The claimant brought a claim for personal injury alleging tinnitus caused by a defective headset provided by his employers. However, the claim was not brought in negligence, both parties agreed that such a claim would fail. Instead, the claimant alleged that his employer was in breach of a duty imposed by Article 3(1) of Directive 2009/104/EC “the article”. The directive was still applicable in 2014 when the events giving rise to the claim occurred. The claimant appealed to the Court of Appeal; the claim having been struck out in the lower courts.

Article 3(1) reads as follows:

The employer shall take the measures necessary to ensure that the work equipment made available to workers in the undertaking or establishment is suitable for the work to be carried out or properly adapted for that purpose and may be used by workers without impairment to their safety or health.

In selecting the work equipment which he proposes to use, the employer shall pay attention to the specific working conditions and characteristics and to the hazards which exist in the undertaking or establishment, in particular at the workplace, for the safety and health of the workers, and any additional hazards posed by the use of the work equipment in question.”

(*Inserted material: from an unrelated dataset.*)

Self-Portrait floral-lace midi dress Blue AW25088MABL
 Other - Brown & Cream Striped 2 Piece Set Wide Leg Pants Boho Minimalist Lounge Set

The claimant argued that the article was “directly effective” and therefore “vertically” enforceable against an emanation of the state. Put another way, the article created a right which the claimant could rely upon, and that domestic courts would have to protect, irrespective of domestic legislation that sought to implement the same article.

The Court of Appeal had to satisfy itself in respect of two questions:

  • Was the article capable of giving rise to liability (does it have “direct effect”)?

  • Was the Student Loan Company (SLC) an emanation of the state? If the article was capable of giving rise to liability, could it be enforced against the SLC?

Direct Effect

In respect of direct effect, the court had to consider: 

  • Whether the article imposed an obligation and upon whom.

  • Whether the content of the obligation was identifiable in the sense of being sufficiently clear and unconditional.

The test is cumulative and both arms had to be satisfied for the article to have direct effect.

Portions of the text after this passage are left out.